Метель в публицистике и научно-популярной прозе[править]

  •  

Появление японского ибиса служило как бы сигналом к началу валового пролёта других птиц; в тот же самый день, т. е. 13 марта, несмотря на сильную метель, продолжавшуюся всю ночь и днём до полудня, показались большие стада уток клоктунов. Низко, почти над самою землёю, неслись они с юга и затем, встретив Сунгачу, направлялись вверх по ней на полынью, которая стоит целую зиму при истоке этой реки из озера Ханка. Поплавав здесь немного, клоктуны усаживались на льду для отдыха. <...>
Вместе с наступившими днём жарами, которые в полдень доходили до + 18° Р в тени, по ночам, как и прежде, продолжали стоять морозы иногда в 5°, а 18-го числа утром поднялась даже сильная метель, не перестававшая часа четыре и покрывшая землю, конечно, не надолго, снегом почти на вершок толщины. В тот же самый день сильным юго-западным ветром взломало лёд на Ханке, но этот лёд на восточной стороне озера продолжал стоять до начала мая и уничтожился большей частью от действия солнечных лучей в самом озере, в меньшем же количестве был вынесен через Сунгачу, по которой всю вторую половину апреля шла сильнейшая шуга.[2]

  Николай Пржевальский, «Путешествие в Уссурийском крае», 1870
  •  

Под вечер 26 октября я добрался до Владивостока, и в ту же ночь поднялась сильная метель, которая продолжалась до полудня следующего дня, так что снегу выпало вершка на четыре. Слыша теперь завывание бури, я благодарил судьбу, что успел добраться до жилья, а то пришлось, бы целую ночь мёрзнуть на дворе. Замечательно, что ещё накануне этой метели я нашёл в лесу вторично расцветший куст рододендрона, который так отрадно было видеть среди оголённых деревьев и иссохших листьев, кучками наваленных на землю.[2]

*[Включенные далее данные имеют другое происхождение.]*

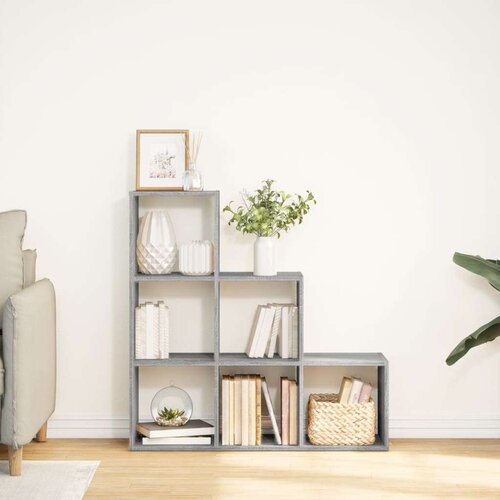 VidaXL Pregrada / regal za knjige 3 razina sonoma 99x29x99 cm drveni Slike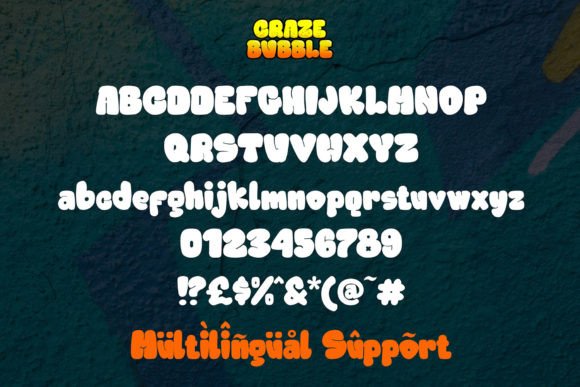 Craze Bubble Font - Preview 1
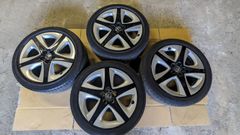 【4本セット】ZVW50　50プリウス　純正ホイール　7J×17 オフセット＋50　PCD100　215/45R17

  Николай Пржевальский, «Путешествие в Уссурийском крае», 1870
  •  

Ночью застала путников гроза, которая закончилась снежною метелью. Пржевальского, спавшего на войлоке в ложбине, совершенно занесло снегом, и под такою покрышкою было хоть и тепло, но не совсем приятно; от дыхания снег таял и подтекал под шею и под бок. Казаки, дежурившие по очереди, сильно мерзли. Метель не унималась до утра, а так как люди и лошади озябли, то и решено было вернуться к биваку.[8]

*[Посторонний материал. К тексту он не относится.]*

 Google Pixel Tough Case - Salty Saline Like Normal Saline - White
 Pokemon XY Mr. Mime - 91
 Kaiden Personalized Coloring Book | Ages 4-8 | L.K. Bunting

  Мария Лялина, «Путешествия H. М. Пржевальского в восточной и центральной Азии», 1891
  •  

Должен оговориться, что пока я не вижу достоверных путей реализации этого смутного зова от любви к религии любви. Вот почему мне хотелось изобразить обетованную землю этой любви из метели, золота, неба и ветра. Тема метелей ― это смутно зовущий порыв… куда? К жизни или смерти? К безумию или мудрости? И души любящих растворяются в метели.
Тема метелей возникла у меня давно ― еще в 1903 году. Тогда же написаны некоторые (впоследствии переработанные) отрывки. Первые две части в первоначальной редакции были готовы уже в 1904 году (впоследствии я их переработал): тогда же основной лейтмотив метели был мною точно определён.[4]

  Андрей Белый, «Кубок метелей» (Вместо предисловия), 1907
  •  

Судьба обернулась метелью. Эту метель-жизнь, метель-судьбу Пушкин изображает здесь теми же чертами, как в «Бесах»; она и так же издевается над Владимиром, как над путником «Бесов».
«Сделалась такая метель, что он ничего не взвидел. В одну минуту дорогу занесло; окрестность исчезла во мгле мутной и желтоватой, сквозь которую летели белые хлопья снегу; небо слилось с землею»: ― Эй, пошел, ямщик![9]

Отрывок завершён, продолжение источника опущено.